■ **Information supplied**

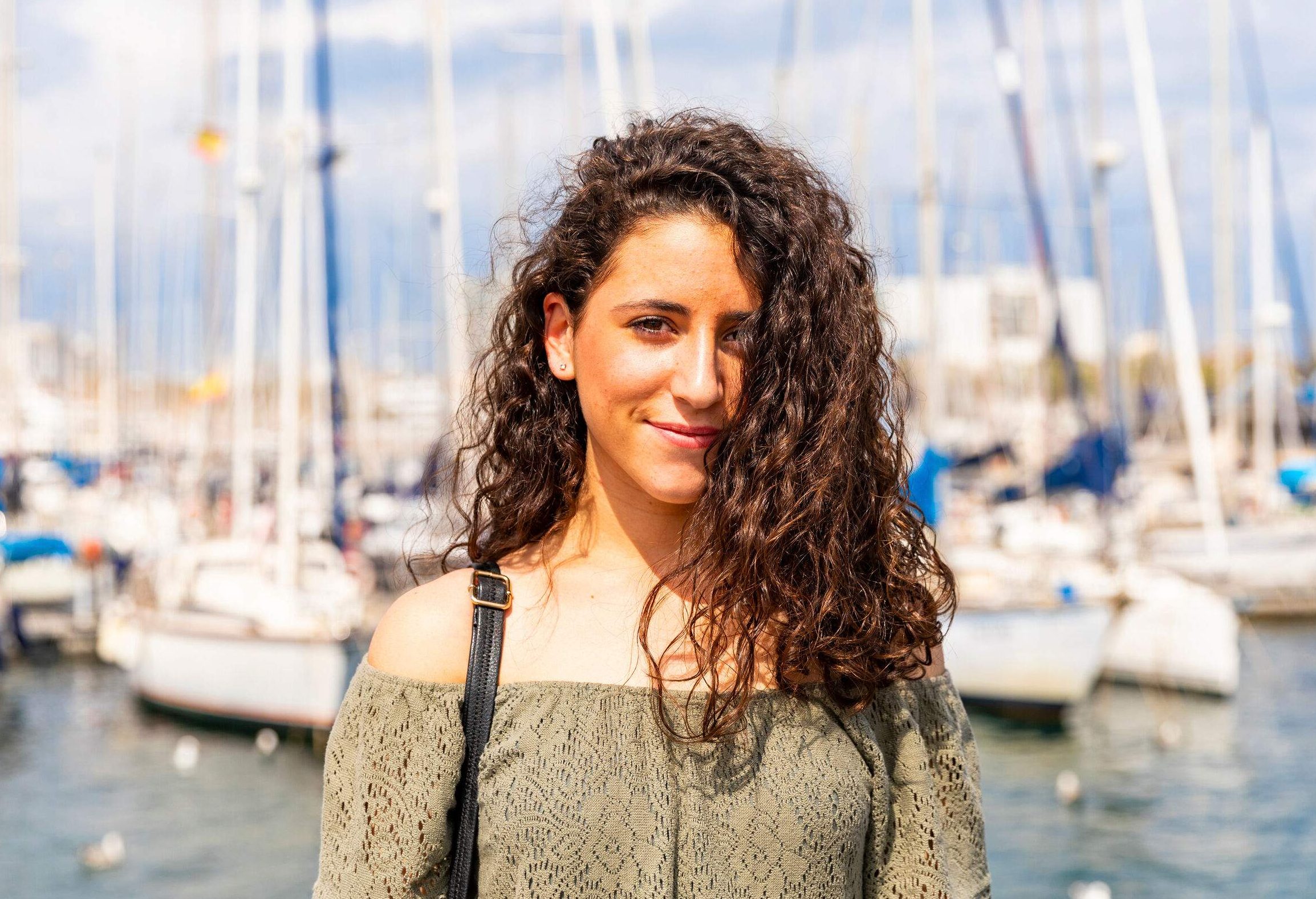 A curly-haired woman smiles against the backdrop of yachts docked on a harbour.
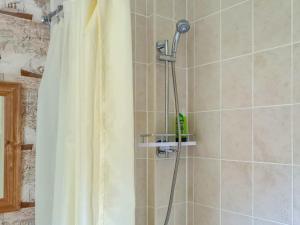 y baño con ducha con cabezal de ducha. en Craik Forestry Cottage, en Teviothead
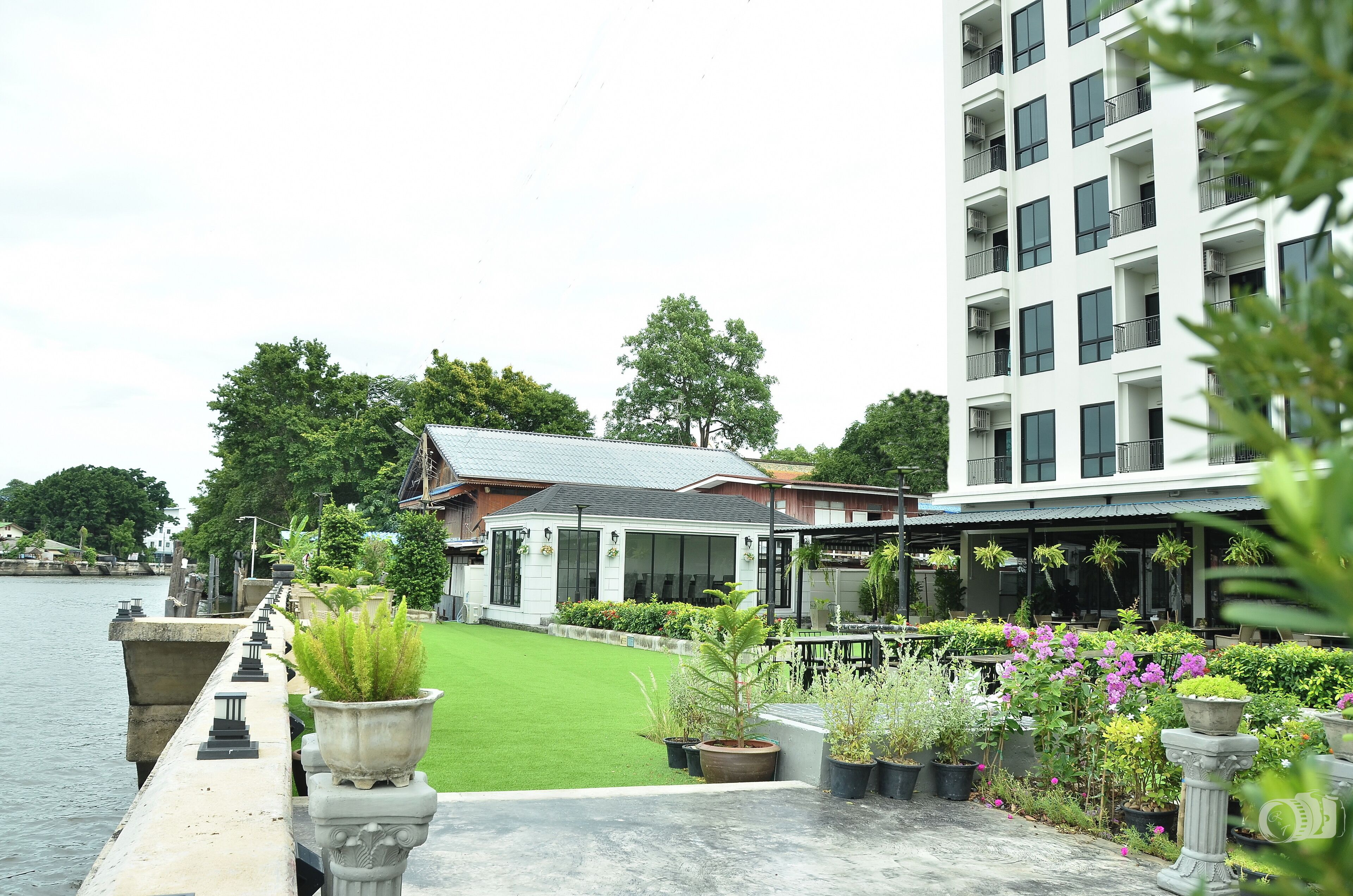 A waterfront hotel with a garden, a pool, and a modern building in the background.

■ **Assignment**
Return the whole listing, word for word, and leave out every picture.

■ **Reply to the exercise**
 A curly-haired woman smiles against the backdrop of yachts docked on a harbour.
 y baño con ducha con cabezal de ducha. en Craik Forestry Cottage, en Teviothead
 A waterfront hotel with a garden, a pool, and a modern building in the background.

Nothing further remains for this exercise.